START Data excerpt

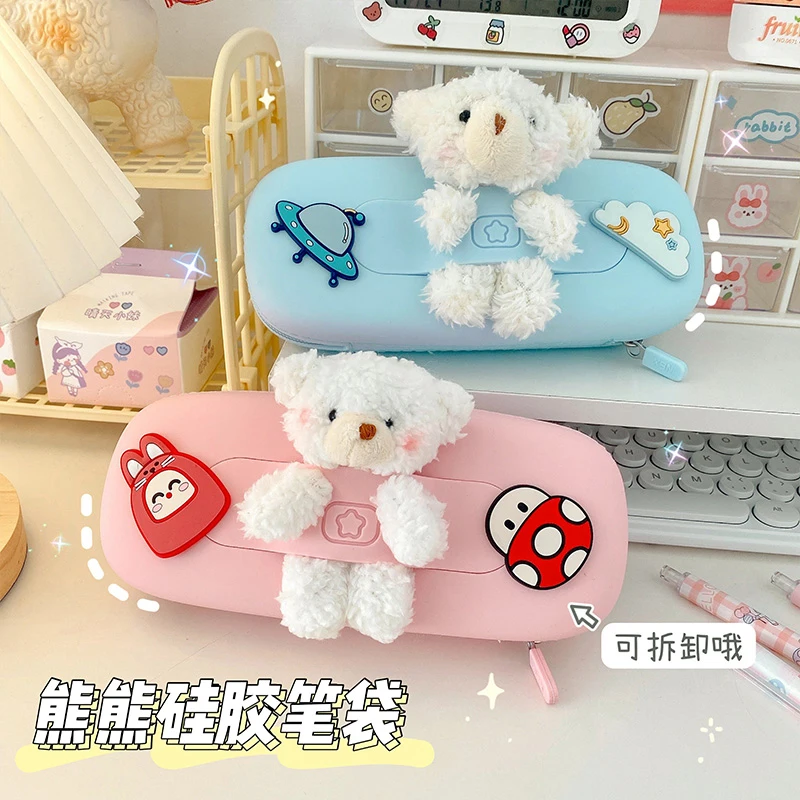 Korean Fashion Pencil Bag Cartoon Bear Kawaii Pencil Case For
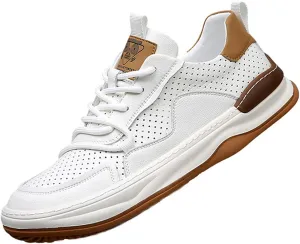Men's Sneakers Fashion Genuine Leather Breathable Casual Shoes Dress Sneaker Oxford Shoes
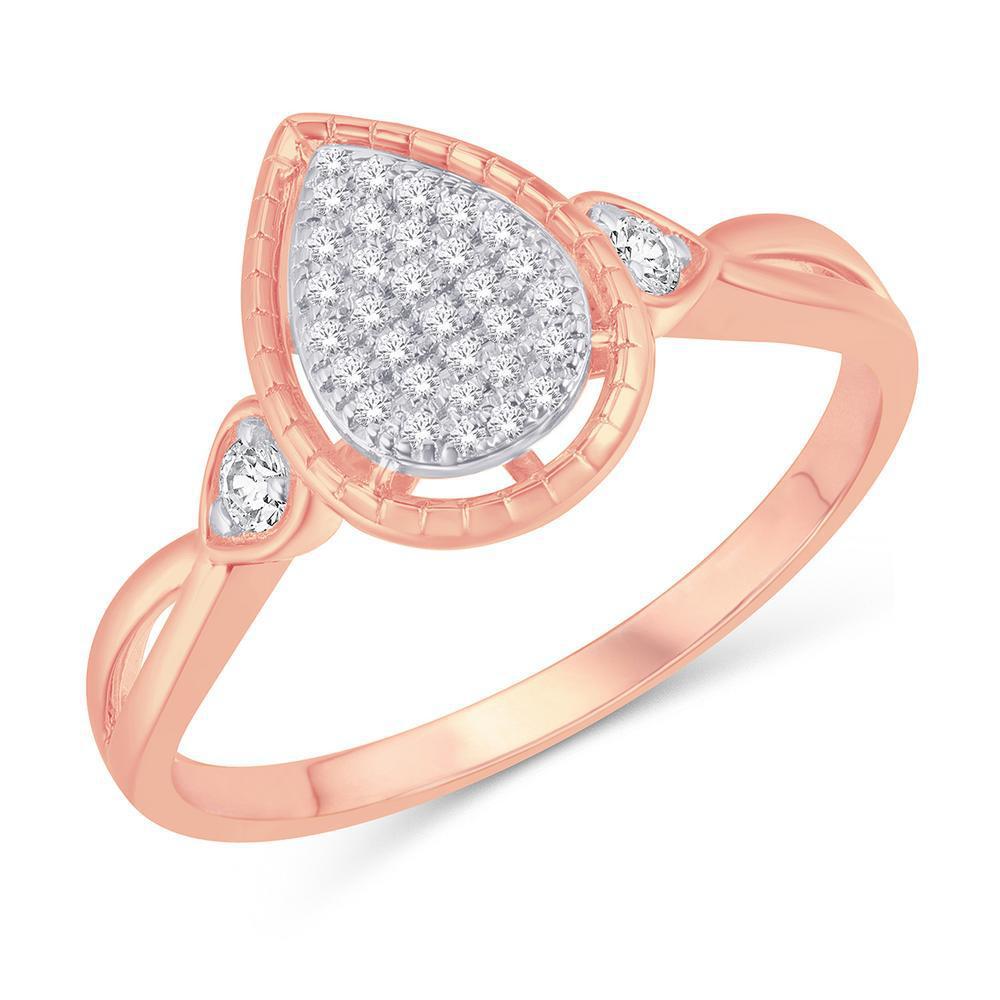 Diamond Promise Engagement Pear Cluster Ring 10k Rose Gold Band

END Data excerpt

Reproduce the listing word for word and omit its pictures.

Task answer:
 Korean Fashion Pencil Bag Cartoon Bear Kawaii Pencil Case For
Men's Sneakers Fashion Genuine Leather Breathable Casual Shoes Dress Sneaker Oxford Shoes
 Diamond Promise Engagement Pear Cluster Ring 10k Rose Gold Band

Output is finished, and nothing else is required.